BGH,
Beschl. v. 27.4.2010 - 1 StR 153/10
BUNDESGERICHTSHOF
BESCHLUSS
1 StR 153/10
vom
27. April 2010
in der Strafsache
gegen
1.
2.
wegen Verabredung eines Totschlags
- 2 -
Der 1. Strafsenat des Bundesgerichtshofs hat am 27. April 2010
beschlossen:
Die Revision des Angeklagten C. gegen das Urteil des Landgerichts
Mannheim vom 27. November 2009 wird mit der Maßgabe
verworfen, dass die Verurteilung auch wegen einer Verabredung zum
Menschenraub, auch hinsichtlich des Angeklagten Ca. , entfällt.
Der Angeklagte C. hat die Kosten seines Rechtsmittels zu tragen.
Gründe:
Die Strafkammer hat Folgendes festgestellt:
1
Der Angeklagte C. beschloss, seine Ehefrau als Strafe dafür zu
töten, dass sie sich von ihm getrennt hatte und mit einem
anderen Mann zusammenlebte. Mit einem Elektroschockgerät bzw.

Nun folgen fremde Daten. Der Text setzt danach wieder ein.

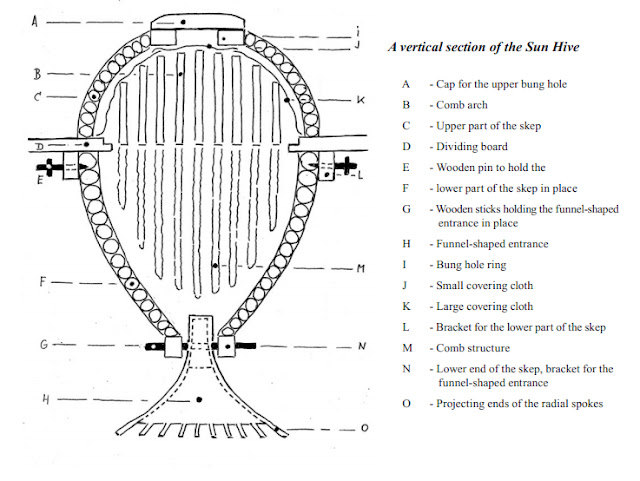 The wooden arches of the upper segment act like top bars from which 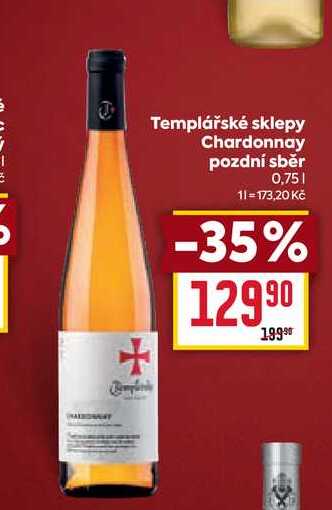 Templářské sklepy Chardonnay pozdní sběr 0,75l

einem Pfefferspray wollte er sie wehrlos und bewegungsunfähig
machen, um sie dann entweder mit einem Messer zu töten, oder
zunächst mit Kabelbindern und Klebeband zu fixieren. Den
Leichnam oder den bewegungsunfähigen Körper wollte er
in einer Folie verpackt in den Rhein werfen. Falls er dies nicht
„fertig brächte“, wollte er sie
„an einen unbekannten Ort bringen und sie unter Ausnutzung
ihrer Hilflosigkeit gefügig“ machen. Es gelang ihm,
dass sich der frühere Mitangeklagte Ca. diesen Plan zu Eigen
machte und beide verabredeten sich, die Tötung oder gewaltsame
Entführung zu begehen. Die Ehefrau wurde von ihren Kindern
vorgewarnt und alarmierte die Polizei. Als diese eintraf, befanden sich
der Angeklagte und Ca. , (u.a.)
2
- 3 -
mit Springmesser, Elektroschockgerät und Pfefferspray
bewaffnet, unmittelbar vor der Tür des Hauses, in dem die
Ehefrau wohnte.
Auf der Grundlage dieser Feststellungen wurden die Angeklagten wegen
Verabredung eines Totschlags, „alternativ eines
Menschenraubs“ zu Freiheitsstrafen verurteilt.
3
Die Revision des Angeklagten führt zum Wegfall des
Schuldspruchs auch wegen Verabredung zum Menschenraub (§ 349
Abs. 4 StPO), bleibt aber im Übrigen erfolglos (§ 349
Abs. 2 StPO).
4
Menschenraub (§ 234 StGB) setzt voraus, dass sich der
Täter des Opfers bemächtigt, um es in hilfloser Lage
auszusetzen, oder um es - hier offensichtlich nicht
einschlägig - dem Dienst in einer militärischen oder
militärähnlichen Einrichtung im Ausland
zuzuführen. Beim Aussetzen in hilfloser Lage muss es dem
Täter darauf ankommen, das Opfer in eine Lage zu bringen, in
der es, zur Selbsthilfe unfähig, auf fremde Hilfe angewiesen
und konkret an Leib oder Leben gefährdet ist (BGH NStZ 2001,
247; Sonnen in NK-StGB 3. Aufl. § 234 Rdn. 24 jew. m.w.N.).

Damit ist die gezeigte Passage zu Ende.